▶ _TASK DIRECTIONS_
The expected response is the complete listing below, restated exactly, with its pictures omitted.

▶ _DATA SHOWN_
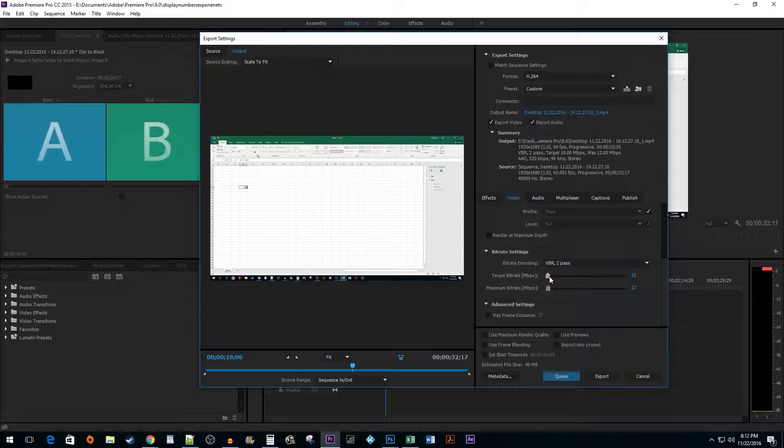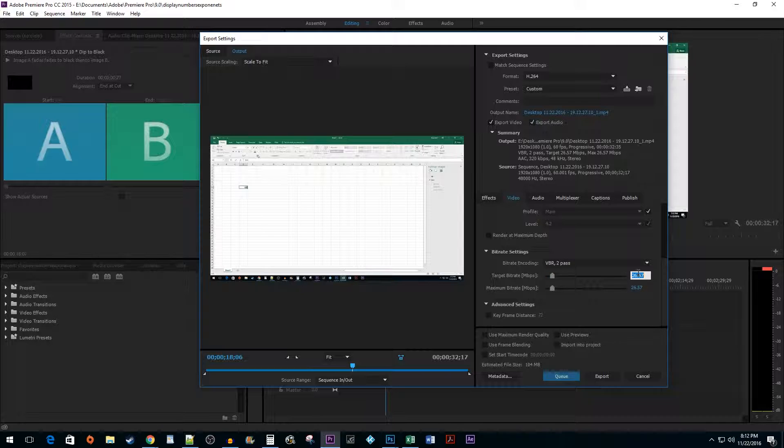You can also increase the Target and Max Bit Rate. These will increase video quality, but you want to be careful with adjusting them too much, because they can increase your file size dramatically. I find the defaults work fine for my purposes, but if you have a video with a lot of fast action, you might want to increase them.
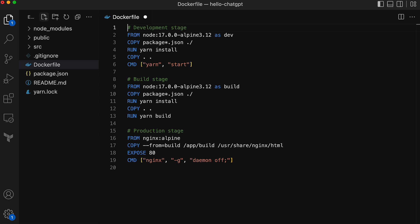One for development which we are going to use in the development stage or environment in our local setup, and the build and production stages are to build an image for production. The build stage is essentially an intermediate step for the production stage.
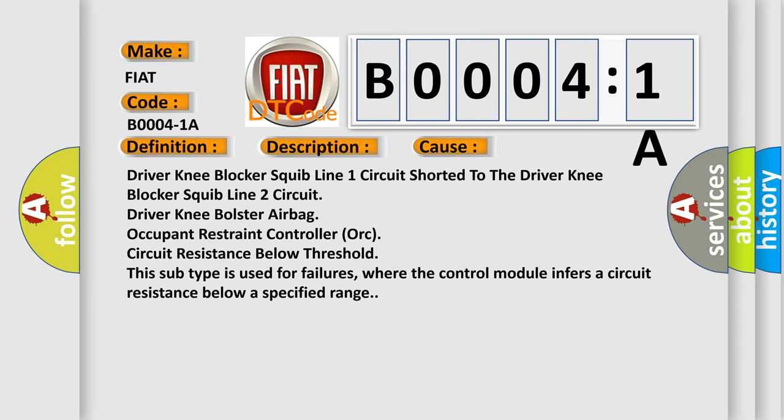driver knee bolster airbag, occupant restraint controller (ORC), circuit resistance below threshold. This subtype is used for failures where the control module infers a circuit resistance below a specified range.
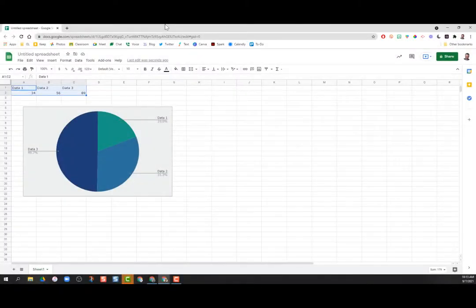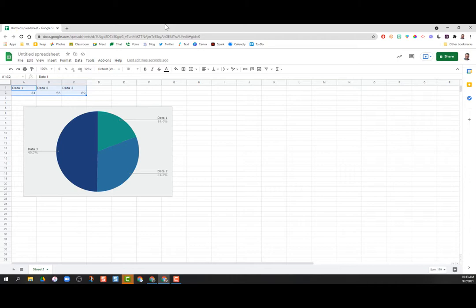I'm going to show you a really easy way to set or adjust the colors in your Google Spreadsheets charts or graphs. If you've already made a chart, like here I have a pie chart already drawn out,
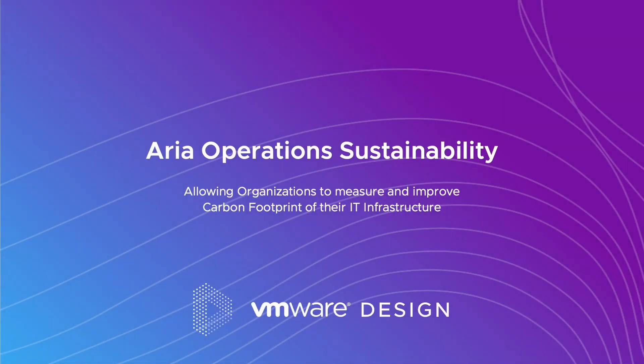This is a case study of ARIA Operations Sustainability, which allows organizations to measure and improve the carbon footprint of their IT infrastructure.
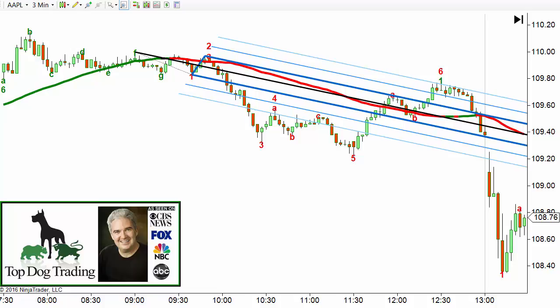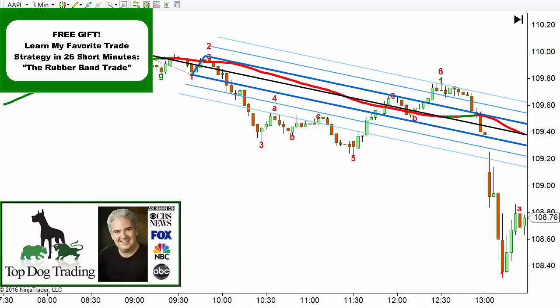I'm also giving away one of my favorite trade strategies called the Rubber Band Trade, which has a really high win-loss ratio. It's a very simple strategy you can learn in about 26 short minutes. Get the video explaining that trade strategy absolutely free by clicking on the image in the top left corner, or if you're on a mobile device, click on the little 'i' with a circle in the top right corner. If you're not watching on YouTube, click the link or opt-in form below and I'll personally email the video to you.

▶ _RESULT_
You can also increase the Target and Max Bit Rate. These will increase video quality, but you want to be careful with adjusting them too much, because they can increase your file size dramatically. I find the defaults work fine for my purposes, but if you have a video with a lot of fast action, you might want to increase them.
One for development which we are going to use in the development stage or environment in our local setup, and the build and production stages are to build an image for production. The build stage is essentially an intermediate step for the production stage.
driver knee bolster airbag, occupant restraint controller (ORC), circuit resistance below threshold. This subtype is used for failures where the control module infers a circuit resistance below a specified range.
I'm going to show you a really easy way to set or adjust the colors in your Google Spreadsheets charts or graphs. If you've already made a chart, like here I have a pie chart already drawn out,
This is a case study of ARIA Operations Sustainability, which allows organizations to measure and improve the carbon footprint of their IT infrastructure.
I'm also giving away one of my favorite trade strategies called the Rubber Band Trade, which has a really high win-loss ratio. It's a very simple strategy you can learn in about 26 short minutes. Get the video explaining that trade strategy absolutely free by clicking on the image in the top left corner, or if you're on a mobile device, click on the little 'i' with a circle in the top right corner. If you're not watching on YouTube, click the link or opt-in form below and I'll personally email the video to you.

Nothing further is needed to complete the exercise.